*INSTRUCTIONS FOR THE TASK:* The copy you return should hold every record below word for word and no images.
[[ THE DATA, beginning ]]
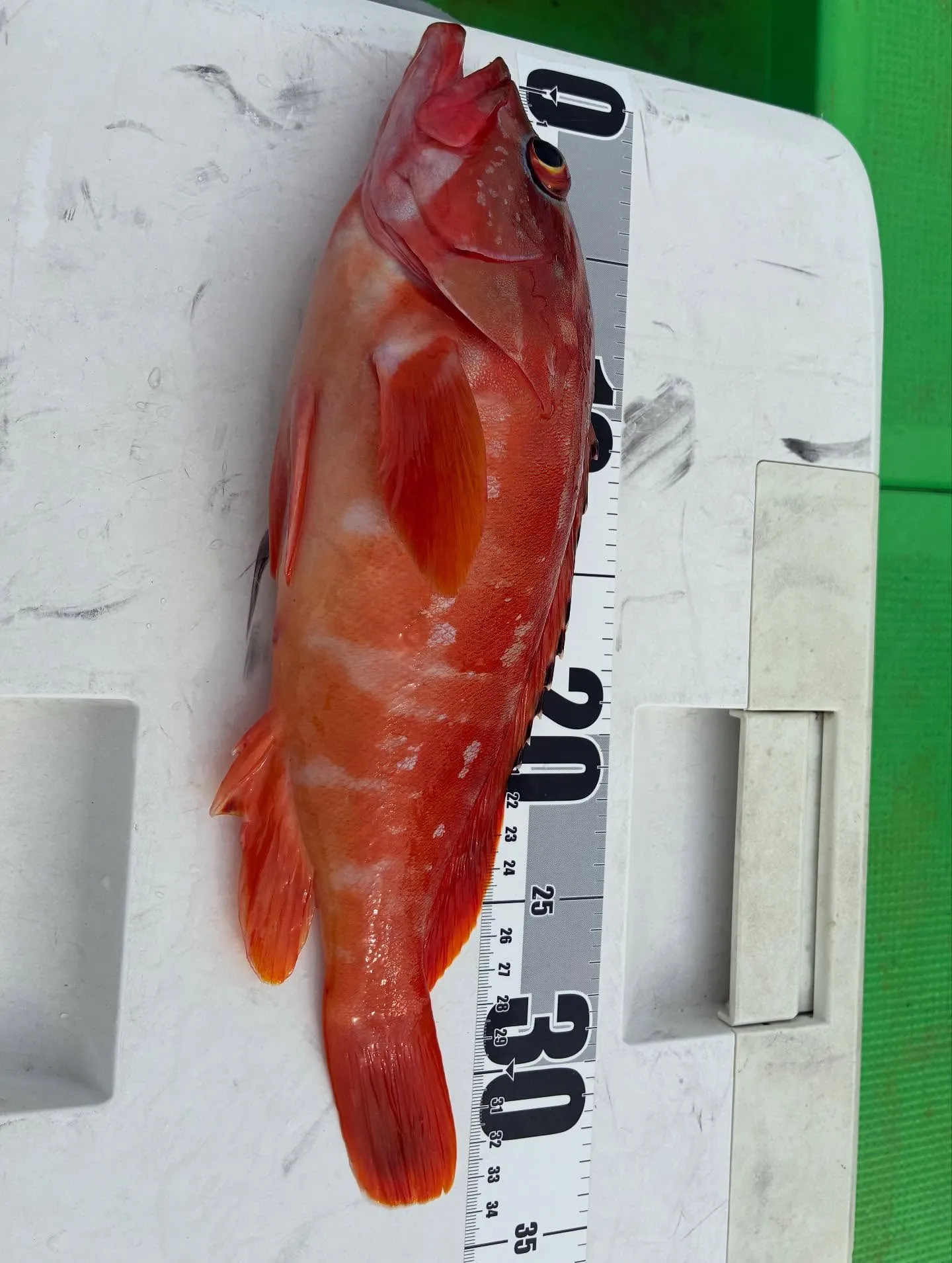 【浅場根魚船】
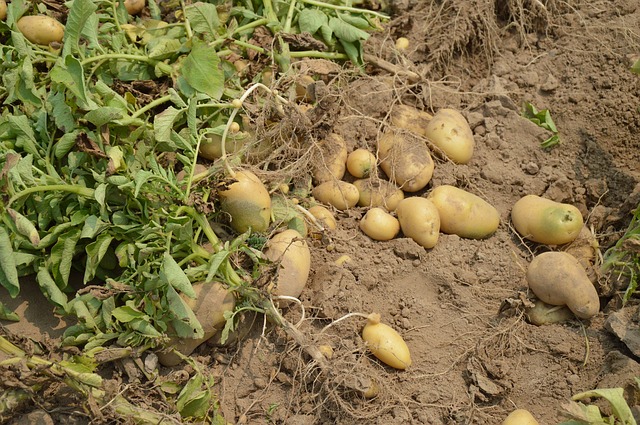 sol pommes de terre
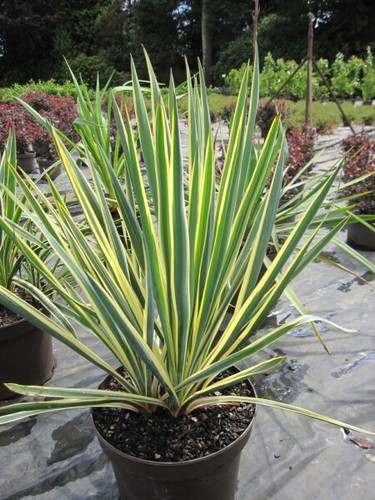 Yucca filamentosa bright edge - yucca,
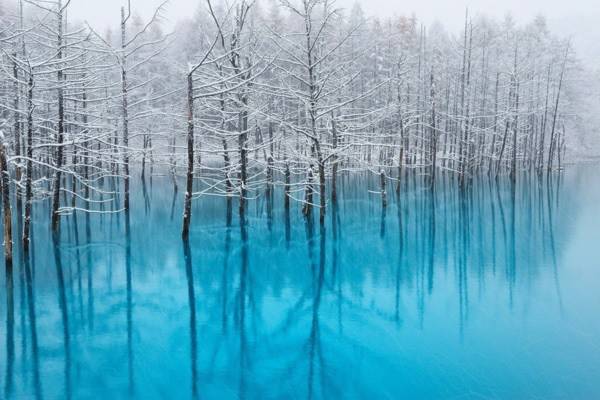 Bí ẩn khiến các hồ nước có "khả năng" tự đổi màu tuyệt đẹp 3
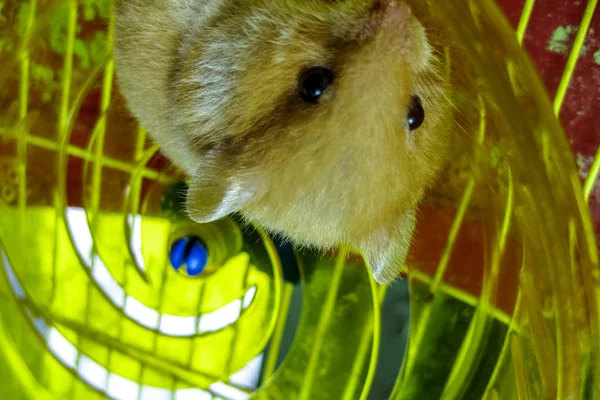 Hamster thuis in gevangenschap te houden. Hamster draaiende wiel. Rode hamster — Stockfoto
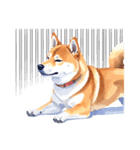 とりあえず返信する柴犬【文字無し】（個別スタンプ：17）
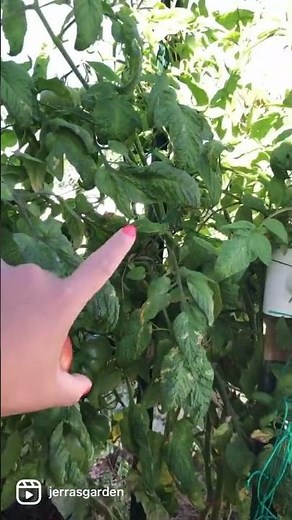 Italian Tree Tomato: heirloom tomato review #tomato #heirloomtomatoes #tomatoreview #garden #plants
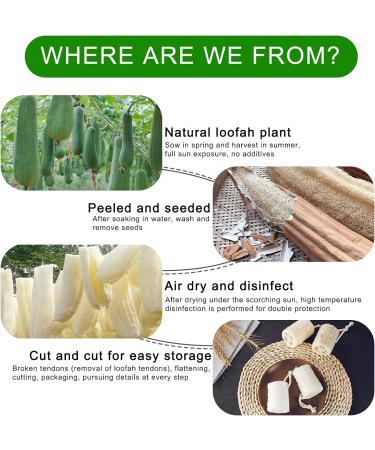 Biodegradable Luffa Sponges | Natural Dead Skin Remover | Eco-Friendly Kitchen & Personal Hygiene | 10cm x 7cm - Buy Online on GoSupps.com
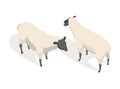 Farm animal isometric. Domestic animal in 3d flat back and front view. Cute game character of sheep. Vector icon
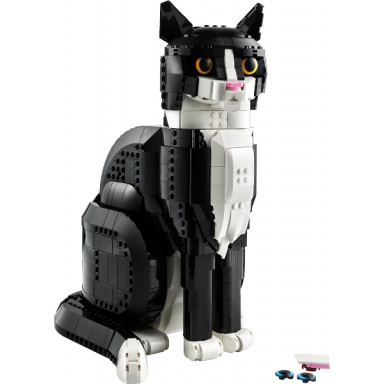 tuxedo cat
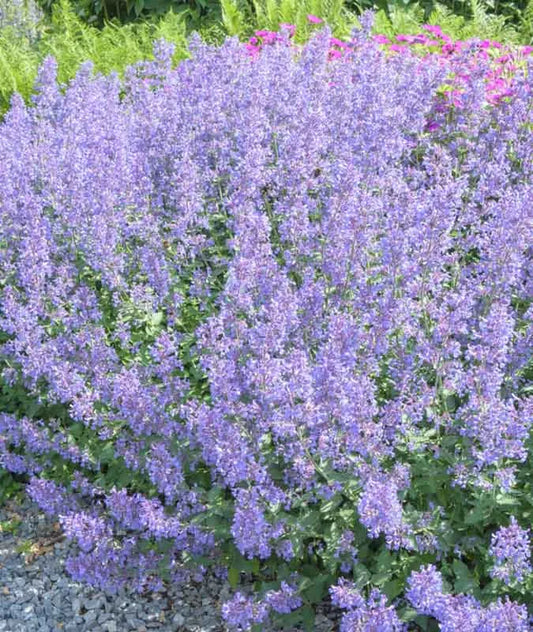 G1572 Nepeta X Faassenii Junior Walker - View 1 from www redcrocus com
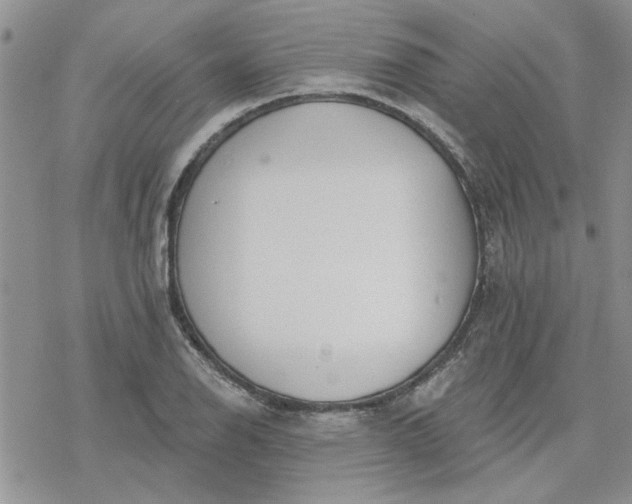 X0000078231126200611171427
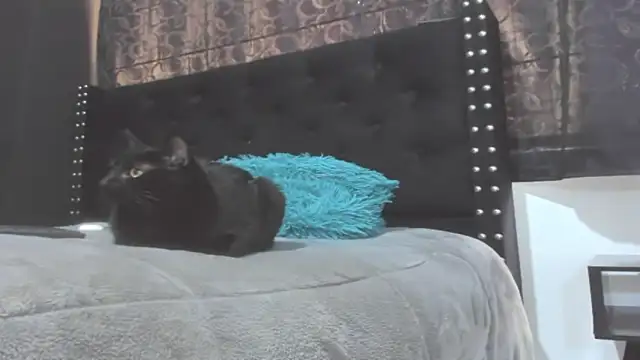 Živý XXX chat amareto_queen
[[ THE DATA, end ]]
*OUTPUT FOR THIS EXERCISE:*
 【浅場根魚船】
 sol pommes de terre
 Yucca filamentosa bright edge - yucca,
 Bí ẩn khiến các hồ nước có "khả năng" tự đổi màu tuyệt đẹp 3
 Hamster thuis in gevangenschap te houden. Hamster draaiende wiel. Rode hamster — Stockfoto
 とりあえず返信する柴犬【文字無し】（個別スタンプ：17）
 Italian Tree Tomato: heirloom tomato review #tomato #heirloomtomatoes #tomatoreview #garden #plants
 Biodegradable Luffa Sponges | Natural Dead Skin Remover | Eco-Friendly Kitchen & Personal Hygiene | 10cm x 7cm - Buy Online on GoSupps.com
 Farm animal isometric. Domestic animal in 3d flat back and front view. Cute game character of sheep. Vector icon
 tuxedo cat
 G1572 Nepeta X Faassenii Junior Walker - View 1 from www redcrocus com
 X0000078231126200611171427
 Živý XXX chat amareto_queen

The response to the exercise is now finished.